You know, I sometimes wonder whether it is easy for us to miss the quiet heart of Christmas.

Even when we are looking at some of the Christmas story, we may miss the central message of it all. Each of the gospel writers presents Christmas in a different way. Some might say that only Matthew and Luke include the Christmas story, but I want to suggest to you that each of the gospels brings its own special emphasis.

Mark – possibly the oldest of the gospels does not have any birth or infancy stories. Instead, Mark’s Christmas is embedded in the opening words, Jesus is shown to be Son of God from the very beginning, that’s the good news:

The beginning of the gospel of Jesus Christ, the Son of God. (Mark 1:1)

John also does not contain birth or infancy stories, but shows the centre of the Christmas originating in the heart of God:

‘The word became flesh, and dwelt among us – full of grace and truth.’ (John 1:14)

Matthew opens with a long list of names in Jesus’ family tree. It’s easy to skip over this and miss its significance.
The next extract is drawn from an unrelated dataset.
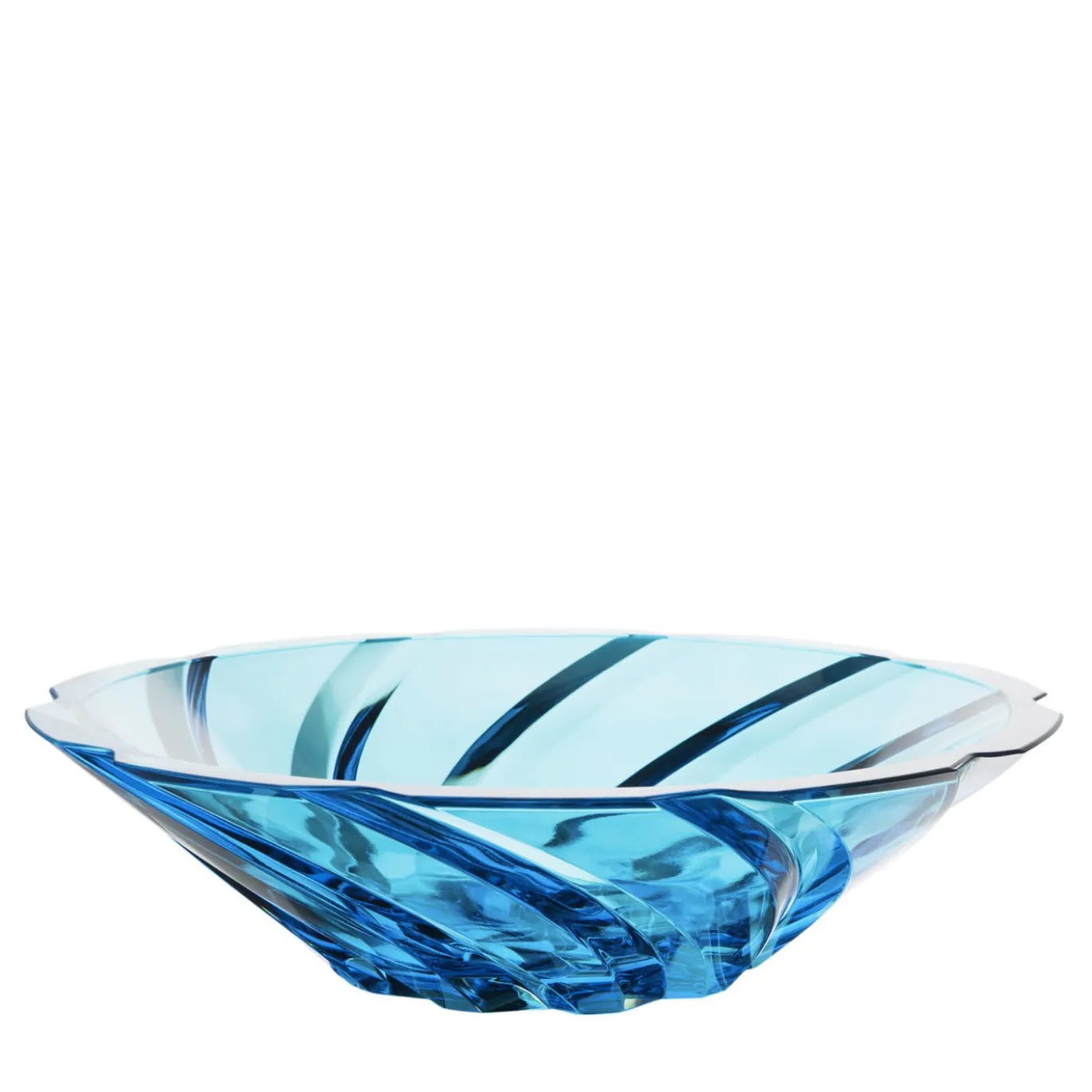 Centrotavola Bea in Cristallo Blu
Included in it are five women who all showed remarkable faith, despite that society may have judged them harshly: Tamar, who tricked her father-in-law into pregnancy; Rahab, a prostitute who helped the Israelite spies; Ruth, a despised foreigner; Bathsheba, an adulteress, and Mary, an unmarried mother. Each were part of Jesus’ family history.

If Jesus will later be shown to identify with sinners because it’s in his family tree, Jesus is connected with people just like us. Matthew then makes the connection with Jesus being Immanuel, God with us, in our humanness. All of this happens before, the traditional Christmas characters – the Wise Men – even appear. They come to find the one born to be King.

Luke’s gospel has angels announcing that Jesus is the Saviour, the Christ, the Lord. This is not given to the people who you might expect, but rather to shepherds, often considered to be religious outcasts because of the nature of their work:

‘And there were shepherd living out in the fields nearby, keeping watch over their flocks at night.’ (Luke 2:8)

For such as these, living on the margins of society, Jesus comes as Saviour.

Each of the gospels presents a different view of Christmas. It’s easy for us to become so engaged with the trappings of the Christmas story which are not even mentioned in any of the gospels and we can sometimes miss the quiet heart of Christmas as related in Scripture.

With all the other things that happen at this time of the year, may we focus our hearts and minds on the quiet heart of Christmas: the reality of who Jesus is, the Son of God. The eternal Word made flesh. With the songwriter, we say: ‘O come to us, abide with us, our Lord Immanuel’.

May God bless you at this Christmas time and throughout the coming year.